PROBLEM DESCRIPTION
Every line below that includes the word "zipper" needs to be copied.

Saved entries:
####
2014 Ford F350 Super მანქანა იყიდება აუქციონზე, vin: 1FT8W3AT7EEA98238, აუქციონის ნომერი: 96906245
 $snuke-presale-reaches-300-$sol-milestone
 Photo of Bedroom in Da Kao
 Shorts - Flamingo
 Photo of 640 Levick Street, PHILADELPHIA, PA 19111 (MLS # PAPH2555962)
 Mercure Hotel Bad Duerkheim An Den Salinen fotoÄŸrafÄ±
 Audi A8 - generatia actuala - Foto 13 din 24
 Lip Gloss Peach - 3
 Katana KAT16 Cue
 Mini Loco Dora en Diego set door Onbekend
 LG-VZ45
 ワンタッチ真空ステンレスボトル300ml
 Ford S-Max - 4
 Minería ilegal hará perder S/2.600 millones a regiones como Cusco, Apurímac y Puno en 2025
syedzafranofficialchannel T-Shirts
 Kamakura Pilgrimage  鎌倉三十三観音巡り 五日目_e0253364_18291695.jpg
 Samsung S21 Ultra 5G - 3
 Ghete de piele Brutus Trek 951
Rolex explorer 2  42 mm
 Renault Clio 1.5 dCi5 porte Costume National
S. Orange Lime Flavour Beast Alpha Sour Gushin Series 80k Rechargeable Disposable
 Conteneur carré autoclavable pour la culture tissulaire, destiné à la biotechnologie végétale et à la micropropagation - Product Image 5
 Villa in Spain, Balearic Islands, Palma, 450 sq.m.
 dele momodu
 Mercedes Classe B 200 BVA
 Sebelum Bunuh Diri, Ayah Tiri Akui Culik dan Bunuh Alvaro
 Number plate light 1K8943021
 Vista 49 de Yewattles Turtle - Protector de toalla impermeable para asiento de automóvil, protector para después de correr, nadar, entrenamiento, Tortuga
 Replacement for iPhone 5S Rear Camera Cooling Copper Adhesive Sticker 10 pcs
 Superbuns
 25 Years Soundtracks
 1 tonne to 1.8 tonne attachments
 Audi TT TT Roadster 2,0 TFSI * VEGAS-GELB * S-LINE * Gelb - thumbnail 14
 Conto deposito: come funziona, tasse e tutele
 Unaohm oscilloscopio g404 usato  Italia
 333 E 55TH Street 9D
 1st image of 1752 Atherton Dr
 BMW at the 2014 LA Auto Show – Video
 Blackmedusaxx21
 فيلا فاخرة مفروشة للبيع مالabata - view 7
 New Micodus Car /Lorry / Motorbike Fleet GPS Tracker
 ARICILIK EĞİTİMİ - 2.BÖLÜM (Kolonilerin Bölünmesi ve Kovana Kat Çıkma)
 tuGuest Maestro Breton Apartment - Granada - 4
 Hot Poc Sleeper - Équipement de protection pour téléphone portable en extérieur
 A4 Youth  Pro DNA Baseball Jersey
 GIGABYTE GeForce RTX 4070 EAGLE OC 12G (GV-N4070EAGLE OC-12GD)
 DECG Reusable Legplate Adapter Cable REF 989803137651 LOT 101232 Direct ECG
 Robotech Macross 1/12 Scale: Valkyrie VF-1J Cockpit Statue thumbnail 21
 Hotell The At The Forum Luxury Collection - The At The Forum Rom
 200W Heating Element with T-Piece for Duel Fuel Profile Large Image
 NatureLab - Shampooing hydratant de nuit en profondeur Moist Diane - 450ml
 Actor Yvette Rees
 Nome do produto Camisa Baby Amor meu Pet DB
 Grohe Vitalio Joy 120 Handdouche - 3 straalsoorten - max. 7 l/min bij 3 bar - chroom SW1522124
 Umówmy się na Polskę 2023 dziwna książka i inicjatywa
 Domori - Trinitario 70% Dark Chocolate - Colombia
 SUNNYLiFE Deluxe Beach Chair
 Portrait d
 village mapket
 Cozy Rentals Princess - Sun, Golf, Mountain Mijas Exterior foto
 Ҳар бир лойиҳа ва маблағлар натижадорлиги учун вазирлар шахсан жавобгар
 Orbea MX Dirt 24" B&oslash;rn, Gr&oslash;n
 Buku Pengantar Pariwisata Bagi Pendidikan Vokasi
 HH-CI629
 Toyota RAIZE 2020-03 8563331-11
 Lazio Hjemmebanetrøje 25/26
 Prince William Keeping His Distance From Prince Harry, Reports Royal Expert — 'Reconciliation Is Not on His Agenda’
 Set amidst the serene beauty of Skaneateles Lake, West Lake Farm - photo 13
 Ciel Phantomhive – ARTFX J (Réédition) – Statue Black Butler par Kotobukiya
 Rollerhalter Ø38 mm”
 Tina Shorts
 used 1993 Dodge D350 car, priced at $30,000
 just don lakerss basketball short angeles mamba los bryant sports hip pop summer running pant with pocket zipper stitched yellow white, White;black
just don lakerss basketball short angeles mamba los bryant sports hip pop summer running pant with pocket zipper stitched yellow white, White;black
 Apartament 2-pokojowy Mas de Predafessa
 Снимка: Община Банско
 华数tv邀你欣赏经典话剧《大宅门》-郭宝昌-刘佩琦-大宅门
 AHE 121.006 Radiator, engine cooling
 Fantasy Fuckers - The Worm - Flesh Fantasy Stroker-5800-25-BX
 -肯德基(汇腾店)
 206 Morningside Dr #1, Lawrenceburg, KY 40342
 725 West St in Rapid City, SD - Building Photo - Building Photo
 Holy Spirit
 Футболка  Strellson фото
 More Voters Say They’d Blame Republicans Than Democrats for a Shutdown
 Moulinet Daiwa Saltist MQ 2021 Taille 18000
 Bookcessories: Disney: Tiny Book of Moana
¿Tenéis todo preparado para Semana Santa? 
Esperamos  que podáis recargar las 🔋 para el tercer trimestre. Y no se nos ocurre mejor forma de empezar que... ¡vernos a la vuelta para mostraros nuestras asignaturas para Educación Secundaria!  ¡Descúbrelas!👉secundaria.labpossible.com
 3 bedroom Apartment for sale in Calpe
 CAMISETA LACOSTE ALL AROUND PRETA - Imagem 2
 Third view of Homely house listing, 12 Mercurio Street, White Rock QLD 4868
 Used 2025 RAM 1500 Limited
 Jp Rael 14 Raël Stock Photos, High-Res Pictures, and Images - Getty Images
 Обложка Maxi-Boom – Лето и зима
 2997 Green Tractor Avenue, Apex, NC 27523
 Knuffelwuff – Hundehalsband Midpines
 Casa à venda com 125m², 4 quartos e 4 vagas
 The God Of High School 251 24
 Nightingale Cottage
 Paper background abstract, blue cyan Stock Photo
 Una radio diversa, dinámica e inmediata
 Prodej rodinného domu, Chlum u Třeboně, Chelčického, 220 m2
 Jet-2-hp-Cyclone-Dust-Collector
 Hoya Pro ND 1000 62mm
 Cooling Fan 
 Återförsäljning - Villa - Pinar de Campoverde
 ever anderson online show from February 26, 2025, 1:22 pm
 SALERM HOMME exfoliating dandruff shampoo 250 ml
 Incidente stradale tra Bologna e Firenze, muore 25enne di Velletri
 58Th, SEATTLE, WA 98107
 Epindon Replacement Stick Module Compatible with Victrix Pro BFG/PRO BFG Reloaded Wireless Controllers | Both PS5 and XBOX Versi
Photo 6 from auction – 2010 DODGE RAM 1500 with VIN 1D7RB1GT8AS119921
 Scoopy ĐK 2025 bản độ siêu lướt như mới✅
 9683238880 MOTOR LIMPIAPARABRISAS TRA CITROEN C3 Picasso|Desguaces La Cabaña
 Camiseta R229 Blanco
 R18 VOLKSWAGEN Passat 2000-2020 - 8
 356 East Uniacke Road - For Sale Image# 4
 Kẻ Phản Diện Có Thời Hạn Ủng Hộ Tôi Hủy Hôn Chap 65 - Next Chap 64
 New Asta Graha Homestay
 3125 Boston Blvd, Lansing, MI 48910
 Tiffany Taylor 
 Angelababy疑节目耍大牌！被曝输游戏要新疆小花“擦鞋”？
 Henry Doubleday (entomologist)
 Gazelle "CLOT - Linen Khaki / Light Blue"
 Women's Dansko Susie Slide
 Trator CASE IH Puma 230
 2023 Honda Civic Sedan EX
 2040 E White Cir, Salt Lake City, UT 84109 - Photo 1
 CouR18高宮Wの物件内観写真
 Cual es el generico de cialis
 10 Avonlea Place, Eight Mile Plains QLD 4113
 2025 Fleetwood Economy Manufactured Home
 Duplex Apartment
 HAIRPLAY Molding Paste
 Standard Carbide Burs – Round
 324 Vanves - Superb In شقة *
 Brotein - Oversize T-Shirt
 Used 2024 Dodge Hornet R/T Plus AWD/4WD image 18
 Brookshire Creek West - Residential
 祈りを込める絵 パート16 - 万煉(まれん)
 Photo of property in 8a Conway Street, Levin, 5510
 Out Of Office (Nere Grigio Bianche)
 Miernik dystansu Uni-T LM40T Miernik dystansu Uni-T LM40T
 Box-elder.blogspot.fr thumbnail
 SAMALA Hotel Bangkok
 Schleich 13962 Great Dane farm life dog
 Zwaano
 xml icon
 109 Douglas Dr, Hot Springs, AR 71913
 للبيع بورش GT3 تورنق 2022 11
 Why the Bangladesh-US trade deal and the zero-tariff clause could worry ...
####
OUTPUT FOR THIS TASK
 just don lakerss basketball short angeles mamba los bryant sports hip pop summer running pant with pocket zipper stitched yellow white, White;black
just don lakerss basketball short angeles mamba los bryant sports hip pop summer running pant with pocket zipper stitched yellow white, White;black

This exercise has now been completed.